Обычно в первом действии принца изображают беззаботным юношей, но Рудольф, явно под влиянием Эрика, чей недавний Зигфрид в Ковент-Гардене выглядел мрачным и суровым, сделал своего героя сложным и угрюмым. «Принц был исключительным человеком. Не всем дано увидеть лебедей». И в то время как Эрик, подобно большинству датчан, ставил знак равенства между романтизмом и меланхолией, Рудольф, желая подчеркнуть русскость «Лебединого озера», добавил в образ русской душевности[52]
. Чтобы передать такое качество средствами хореографии, он добавил в первое действие задумчивый монолог, сольную партию легато, которая теперь стала стандартной в большинстве постановок «Лебединого». В то время его новшество вызвало протесты, «шум» достиг даже Нью-Йорка, где в репортаже Клайва Барнса для журнала The Spectator порицалась бесталанность Рудольфа как хореографа. Такую точку зрения подхватили и в New York Gerald Tribune. И все же эта противоречивая сольная партия, которую все считали «нуреевской версией» и «чем-то совершенно новым», на самом деле уже исполнялась на сцене Театра имени Кирова. Современники Рудольфа утверждают, что идею он позаимствовал у Константина Сергеева, чье соло в первом действии было насыщено такими же глубокими, выдержанными движениями и такой же музыкой (анданте состенуто было написано, но не использовано, для па-де-труа). Сергеев, в свою очередь, взял за образец Чабукиани, который часто переделывал и расширял собственные роли. Так что, внося изменения, Рудольф лишь следовал советской традиции. Однако английские критики пришли в ужас оттого, что 24-летнему мальчишке, который раньше никогда не ставил балеты, позволили нарушать то, что с таким трудом сохраняли несколько поколений танцовщиков.Рудольфу трудно было понять, почему радикальные преобразования классики того рода, какие имели место в английском театре, не сопровождались параллельными преобразованиями в «Королевском балете». В его автобиографии, опубликованной в ноябре 1962 г., есть несколько абзацев, посвященных этой теме, но, делая обзор книги для Dance and Dancers, Питер Уильямс находит убедительные контраргументы: «Он не учел того, что балет в Англии по-прежнему всего лишь ребенок, который учится ходить, и что чуть более тридцати лет назад, когда начинался британский балет, у нас не было фундамента, на котором можно было его строить. Нинетт де Валуа, Мари Рамбер и некоторые другие следовали единственным открытым для них курсом, который заключался в том, чтобы строить британский балет на драгоценных фрагментах из России, которые привез на наши острова Дягилев. Не было другой балетной традиции, которая проявилась в нашей стране… Мы еще не настолько стары, чтобы начать передразнивать классические произведения и, как говорится, «оживлять» их. Нам по-прежнему нужно охранять наше скудное наследие, хотя присутствие Нуреева в Лондоне – вернейший указатель, что небольшая переделка классики неминуема».

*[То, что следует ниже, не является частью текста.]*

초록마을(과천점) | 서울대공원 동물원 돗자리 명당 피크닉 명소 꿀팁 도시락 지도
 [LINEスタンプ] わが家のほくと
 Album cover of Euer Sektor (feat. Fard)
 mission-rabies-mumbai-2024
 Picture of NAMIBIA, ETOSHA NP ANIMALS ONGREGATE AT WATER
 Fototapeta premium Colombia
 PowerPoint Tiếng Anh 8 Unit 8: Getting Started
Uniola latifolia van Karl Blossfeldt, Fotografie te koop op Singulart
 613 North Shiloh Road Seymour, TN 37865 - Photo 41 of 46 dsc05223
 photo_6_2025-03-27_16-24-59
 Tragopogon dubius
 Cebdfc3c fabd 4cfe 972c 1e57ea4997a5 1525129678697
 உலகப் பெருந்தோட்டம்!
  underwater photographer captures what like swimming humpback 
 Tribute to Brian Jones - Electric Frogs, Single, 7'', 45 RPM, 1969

В своем «Американском глоссарии», опубликованном в 1959 г., Линкольн Кирстейн уже подчеркнул, что балет в Великобритании не отличается живостью и новациями, которые присутствуют в современных изобразительном искусстве, драматургии и беллетристике. По его словам, балету необходимы озорство и энергия: «Рассерженный молодой человек едет будить Спящую красавицу прямо из Виндзорского леса». Но, хотя Кирстейн пророчески предсказал появление Нуреева, пренебрежительно отнесясь к «самодовольной местечковости» и «сладкому, умеренному изяществу» «Королевского балета», он сильно недооценивал Нинетт де Валуа. Наряду с ее общеизвестными достоинствами – умением повести за собой, здравым смыслом и дисциплиной, унаследованными от отца-военного, – в ней имелась и откровенно кельтская непредсказуемость. Ричарду Баклу она казалась такой же капризной, как героиня Э. М. Форстера, которая могла сбежать с горы без шляпы или перчаток, «если дул нужный ветер в нужное время». И именно «эта романтическая искра, этот лунный свет, эта «артистическая чушь», которая, по словам Бакла, привела де Валуа к принятию почти невозможного решения превратить полдюжины учениц в государственную балетную труппу. «В браке вдохновения и дисциплины рождаются шедевры».